:: TASK BRIEF ::
Identify and pull out each line of the entries in which "Wilson" occurs.

:: GIVEN ENTRIES ::
====

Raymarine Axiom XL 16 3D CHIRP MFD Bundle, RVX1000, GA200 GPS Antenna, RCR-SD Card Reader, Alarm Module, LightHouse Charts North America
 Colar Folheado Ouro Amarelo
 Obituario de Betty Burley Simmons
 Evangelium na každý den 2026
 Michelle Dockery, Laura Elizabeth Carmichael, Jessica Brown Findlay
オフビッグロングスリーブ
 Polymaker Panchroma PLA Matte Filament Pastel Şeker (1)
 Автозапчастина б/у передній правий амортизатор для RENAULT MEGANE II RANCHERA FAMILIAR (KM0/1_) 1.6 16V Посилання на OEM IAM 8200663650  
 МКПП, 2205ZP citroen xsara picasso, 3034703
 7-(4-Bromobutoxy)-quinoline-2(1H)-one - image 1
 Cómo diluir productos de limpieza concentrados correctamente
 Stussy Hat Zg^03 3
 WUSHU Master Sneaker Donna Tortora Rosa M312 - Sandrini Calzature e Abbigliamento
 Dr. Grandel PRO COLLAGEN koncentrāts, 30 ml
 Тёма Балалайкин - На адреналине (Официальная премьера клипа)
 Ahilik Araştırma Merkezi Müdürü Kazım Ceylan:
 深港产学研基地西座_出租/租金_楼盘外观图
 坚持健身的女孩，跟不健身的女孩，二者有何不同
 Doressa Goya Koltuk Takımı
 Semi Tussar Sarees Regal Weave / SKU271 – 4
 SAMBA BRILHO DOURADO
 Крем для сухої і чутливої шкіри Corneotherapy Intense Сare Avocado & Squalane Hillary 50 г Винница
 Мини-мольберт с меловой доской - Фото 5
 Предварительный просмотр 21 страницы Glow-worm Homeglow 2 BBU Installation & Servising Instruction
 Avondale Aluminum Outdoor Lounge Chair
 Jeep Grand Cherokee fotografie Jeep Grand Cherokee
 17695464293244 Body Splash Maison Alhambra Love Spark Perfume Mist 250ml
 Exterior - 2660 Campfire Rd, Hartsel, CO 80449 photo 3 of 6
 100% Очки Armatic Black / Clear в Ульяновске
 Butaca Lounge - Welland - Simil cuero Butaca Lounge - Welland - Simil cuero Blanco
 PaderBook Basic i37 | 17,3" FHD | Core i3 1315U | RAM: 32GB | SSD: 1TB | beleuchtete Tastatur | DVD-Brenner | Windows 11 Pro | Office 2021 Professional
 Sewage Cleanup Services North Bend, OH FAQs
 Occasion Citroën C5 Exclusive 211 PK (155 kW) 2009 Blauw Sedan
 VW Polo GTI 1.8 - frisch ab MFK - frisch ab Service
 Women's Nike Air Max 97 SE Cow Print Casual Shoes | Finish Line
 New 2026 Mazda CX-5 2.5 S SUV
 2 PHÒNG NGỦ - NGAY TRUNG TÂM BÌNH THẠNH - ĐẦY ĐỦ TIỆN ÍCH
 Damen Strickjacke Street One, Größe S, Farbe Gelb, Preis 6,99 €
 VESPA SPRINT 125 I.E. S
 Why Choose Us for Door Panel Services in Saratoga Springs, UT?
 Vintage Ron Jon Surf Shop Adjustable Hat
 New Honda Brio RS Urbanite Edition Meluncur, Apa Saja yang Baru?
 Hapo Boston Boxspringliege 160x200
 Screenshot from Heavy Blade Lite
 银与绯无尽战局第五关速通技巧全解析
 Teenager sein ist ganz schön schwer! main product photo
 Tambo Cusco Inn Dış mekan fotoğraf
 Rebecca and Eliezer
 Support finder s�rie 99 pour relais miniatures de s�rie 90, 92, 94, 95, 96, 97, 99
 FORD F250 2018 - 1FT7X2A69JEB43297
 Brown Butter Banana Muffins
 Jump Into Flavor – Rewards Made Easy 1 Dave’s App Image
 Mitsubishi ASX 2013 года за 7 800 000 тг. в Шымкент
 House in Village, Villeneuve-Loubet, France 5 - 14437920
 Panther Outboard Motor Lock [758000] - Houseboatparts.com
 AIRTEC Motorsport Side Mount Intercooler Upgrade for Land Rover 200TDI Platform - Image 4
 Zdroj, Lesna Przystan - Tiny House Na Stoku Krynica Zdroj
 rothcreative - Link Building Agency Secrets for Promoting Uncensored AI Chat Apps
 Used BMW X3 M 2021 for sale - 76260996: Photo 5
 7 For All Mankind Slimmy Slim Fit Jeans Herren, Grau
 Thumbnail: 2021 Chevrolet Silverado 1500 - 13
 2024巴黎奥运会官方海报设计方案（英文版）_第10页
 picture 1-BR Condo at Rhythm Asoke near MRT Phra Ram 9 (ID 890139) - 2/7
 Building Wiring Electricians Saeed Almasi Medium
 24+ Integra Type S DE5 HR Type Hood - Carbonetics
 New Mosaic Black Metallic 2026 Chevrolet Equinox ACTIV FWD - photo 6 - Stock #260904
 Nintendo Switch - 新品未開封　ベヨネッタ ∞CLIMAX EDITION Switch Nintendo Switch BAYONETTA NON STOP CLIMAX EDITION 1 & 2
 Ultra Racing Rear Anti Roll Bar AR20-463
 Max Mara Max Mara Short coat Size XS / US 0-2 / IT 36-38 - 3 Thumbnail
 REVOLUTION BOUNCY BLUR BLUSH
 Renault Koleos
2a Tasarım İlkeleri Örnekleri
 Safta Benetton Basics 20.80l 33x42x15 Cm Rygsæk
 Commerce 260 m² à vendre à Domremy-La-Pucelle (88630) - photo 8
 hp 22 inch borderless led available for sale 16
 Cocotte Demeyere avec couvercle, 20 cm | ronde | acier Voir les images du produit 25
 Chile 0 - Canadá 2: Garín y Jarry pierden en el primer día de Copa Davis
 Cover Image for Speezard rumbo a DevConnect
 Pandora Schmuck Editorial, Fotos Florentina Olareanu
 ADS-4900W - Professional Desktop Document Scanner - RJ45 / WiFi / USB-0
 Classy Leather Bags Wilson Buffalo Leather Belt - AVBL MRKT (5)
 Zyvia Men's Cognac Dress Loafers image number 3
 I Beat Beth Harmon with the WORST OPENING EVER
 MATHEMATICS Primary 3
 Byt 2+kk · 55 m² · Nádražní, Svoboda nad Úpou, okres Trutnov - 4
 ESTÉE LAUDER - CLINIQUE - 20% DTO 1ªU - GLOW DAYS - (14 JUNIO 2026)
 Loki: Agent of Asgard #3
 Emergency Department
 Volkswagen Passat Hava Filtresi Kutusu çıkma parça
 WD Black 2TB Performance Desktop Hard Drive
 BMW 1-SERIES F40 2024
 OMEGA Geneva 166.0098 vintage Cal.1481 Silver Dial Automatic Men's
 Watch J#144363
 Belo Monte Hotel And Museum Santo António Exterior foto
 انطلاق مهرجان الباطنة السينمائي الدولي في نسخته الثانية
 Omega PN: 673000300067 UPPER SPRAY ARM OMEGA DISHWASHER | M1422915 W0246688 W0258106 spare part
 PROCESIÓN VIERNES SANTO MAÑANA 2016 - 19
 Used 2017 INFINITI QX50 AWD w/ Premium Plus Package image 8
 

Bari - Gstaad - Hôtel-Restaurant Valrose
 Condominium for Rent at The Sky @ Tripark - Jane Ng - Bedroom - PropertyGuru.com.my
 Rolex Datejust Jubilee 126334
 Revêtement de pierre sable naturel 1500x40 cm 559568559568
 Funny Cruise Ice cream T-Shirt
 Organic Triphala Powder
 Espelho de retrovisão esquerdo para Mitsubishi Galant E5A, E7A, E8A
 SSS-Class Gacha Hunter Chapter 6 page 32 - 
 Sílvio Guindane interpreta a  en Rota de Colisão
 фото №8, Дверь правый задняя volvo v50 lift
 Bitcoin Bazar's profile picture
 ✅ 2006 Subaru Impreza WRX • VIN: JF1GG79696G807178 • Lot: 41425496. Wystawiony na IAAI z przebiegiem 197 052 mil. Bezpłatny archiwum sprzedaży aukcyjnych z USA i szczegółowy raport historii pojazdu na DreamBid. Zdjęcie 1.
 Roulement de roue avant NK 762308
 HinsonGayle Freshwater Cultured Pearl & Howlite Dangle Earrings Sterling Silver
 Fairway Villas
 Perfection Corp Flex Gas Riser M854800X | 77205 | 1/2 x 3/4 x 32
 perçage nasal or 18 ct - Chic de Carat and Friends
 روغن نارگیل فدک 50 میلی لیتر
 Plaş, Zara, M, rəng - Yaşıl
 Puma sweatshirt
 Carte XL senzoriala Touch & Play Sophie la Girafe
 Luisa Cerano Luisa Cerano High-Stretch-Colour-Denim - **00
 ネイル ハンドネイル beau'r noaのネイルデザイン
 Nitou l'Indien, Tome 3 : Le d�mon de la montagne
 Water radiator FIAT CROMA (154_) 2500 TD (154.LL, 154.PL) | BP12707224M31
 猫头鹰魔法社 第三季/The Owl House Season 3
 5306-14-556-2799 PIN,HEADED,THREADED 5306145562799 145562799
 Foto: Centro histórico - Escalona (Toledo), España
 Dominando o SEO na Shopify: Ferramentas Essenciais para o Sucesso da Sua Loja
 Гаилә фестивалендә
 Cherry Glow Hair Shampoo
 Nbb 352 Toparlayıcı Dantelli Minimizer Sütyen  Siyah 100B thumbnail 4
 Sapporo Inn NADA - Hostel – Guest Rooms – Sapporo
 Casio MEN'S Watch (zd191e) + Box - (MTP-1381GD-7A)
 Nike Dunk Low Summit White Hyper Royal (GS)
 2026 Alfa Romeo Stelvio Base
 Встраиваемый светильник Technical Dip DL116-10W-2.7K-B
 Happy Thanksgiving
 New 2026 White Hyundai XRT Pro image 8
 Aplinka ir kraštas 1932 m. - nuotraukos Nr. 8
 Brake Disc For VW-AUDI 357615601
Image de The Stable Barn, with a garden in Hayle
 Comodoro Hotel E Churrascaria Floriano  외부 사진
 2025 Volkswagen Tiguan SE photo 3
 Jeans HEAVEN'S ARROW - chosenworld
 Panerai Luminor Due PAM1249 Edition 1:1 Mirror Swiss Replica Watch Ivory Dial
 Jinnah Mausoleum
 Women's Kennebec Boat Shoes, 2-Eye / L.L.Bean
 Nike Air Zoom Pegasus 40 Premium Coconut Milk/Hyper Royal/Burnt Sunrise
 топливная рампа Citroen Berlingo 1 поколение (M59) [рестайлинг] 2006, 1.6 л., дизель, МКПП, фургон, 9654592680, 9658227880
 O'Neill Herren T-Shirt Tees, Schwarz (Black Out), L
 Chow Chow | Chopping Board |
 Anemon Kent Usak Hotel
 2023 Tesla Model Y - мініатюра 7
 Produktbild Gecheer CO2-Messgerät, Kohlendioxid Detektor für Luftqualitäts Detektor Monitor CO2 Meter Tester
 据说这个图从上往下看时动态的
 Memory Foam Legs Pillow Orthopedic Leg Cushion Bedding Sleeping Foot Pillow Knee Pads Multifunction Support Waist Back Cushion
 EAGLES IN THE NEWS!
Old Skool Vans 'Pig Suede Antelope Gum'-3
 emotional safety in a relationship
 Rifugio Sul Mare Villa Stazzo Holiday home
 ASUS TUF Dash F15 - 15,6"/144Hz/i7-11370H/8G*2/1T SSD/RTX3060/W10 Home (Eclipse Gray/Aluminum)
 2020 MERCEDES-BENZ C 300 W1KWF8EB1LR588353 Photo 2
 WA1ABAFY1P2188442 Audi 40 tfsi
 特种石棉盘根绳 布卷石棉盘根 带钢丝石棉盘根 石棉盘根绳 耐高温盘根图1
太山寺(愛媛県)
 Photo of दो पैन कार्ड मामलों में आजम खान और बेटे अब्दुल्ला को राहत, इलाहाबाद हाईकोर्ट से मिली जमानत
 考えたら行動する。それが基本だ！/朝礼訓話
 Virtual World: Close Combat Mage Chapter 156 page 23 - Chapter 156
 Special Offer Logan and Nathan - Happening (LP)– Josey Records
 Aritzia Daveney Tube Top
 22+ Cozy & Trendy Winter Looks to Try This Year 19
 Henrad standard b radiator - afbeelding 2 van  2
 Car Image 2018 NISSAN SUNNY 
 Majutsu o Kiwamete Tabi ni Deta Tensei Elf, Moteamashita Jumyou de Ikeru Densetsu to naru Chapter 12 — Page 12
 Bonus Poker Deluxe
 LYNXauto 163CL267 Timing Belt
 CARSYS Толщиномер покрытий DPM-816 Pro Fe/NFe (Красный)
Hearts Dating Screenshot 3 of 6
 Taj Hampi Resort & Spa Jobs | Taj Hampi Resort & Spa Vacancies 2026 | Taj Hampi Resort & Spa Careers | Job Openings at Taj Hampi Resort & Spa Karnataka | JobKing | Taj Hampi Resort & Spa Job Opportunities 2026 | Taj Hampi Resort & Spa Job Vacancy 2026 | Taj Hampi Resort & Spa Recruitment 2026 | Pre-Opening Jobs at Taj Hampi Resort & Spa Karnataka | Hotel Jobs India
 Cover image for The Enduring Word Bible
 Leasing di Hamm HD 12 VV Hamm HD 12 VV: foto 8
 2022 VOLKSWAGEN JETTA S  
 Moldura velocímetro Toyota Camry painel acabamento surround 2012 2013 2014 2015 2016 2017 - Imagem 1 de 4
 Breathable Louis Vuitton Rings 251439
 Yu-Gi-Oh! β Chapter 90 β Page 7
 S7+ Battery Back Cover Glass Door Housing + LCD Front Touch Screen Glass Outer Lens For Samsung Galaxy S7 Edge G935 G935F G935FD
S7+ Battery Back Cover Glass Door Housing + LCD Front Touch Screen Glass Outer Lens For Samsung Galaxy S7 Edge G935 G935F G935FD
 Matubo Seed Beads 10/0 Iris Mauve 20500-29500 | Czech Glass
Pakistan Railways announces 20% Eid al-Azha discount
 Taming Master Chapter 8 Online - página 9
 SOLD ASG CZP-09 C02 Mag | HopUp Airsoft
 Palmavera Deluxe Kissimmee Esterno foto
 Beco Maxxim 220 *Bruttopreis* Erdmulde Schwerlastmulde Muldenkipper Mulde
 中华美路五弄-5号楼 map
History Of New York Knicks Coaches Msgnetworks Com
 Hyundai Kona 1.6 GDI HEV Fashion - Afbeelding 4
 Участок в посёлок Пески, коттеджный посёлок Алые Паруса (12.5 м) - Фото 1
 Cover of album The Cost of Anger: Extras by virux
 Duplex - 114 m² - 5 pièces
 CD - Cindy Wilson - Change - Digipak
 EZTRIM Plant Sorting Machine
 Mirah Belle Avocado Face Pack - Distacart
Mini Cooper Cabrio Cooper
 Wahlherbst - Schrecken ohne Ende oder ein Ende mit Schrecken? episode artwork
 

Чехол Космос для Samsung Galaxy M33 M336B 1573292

====

:: PROBLEM SOLUTION ::
 Classy Leather Bags Wilson Buffalo Leather Belt - AVBL MRKT (5)
 CD - Cindy Wilson - Change - Digipak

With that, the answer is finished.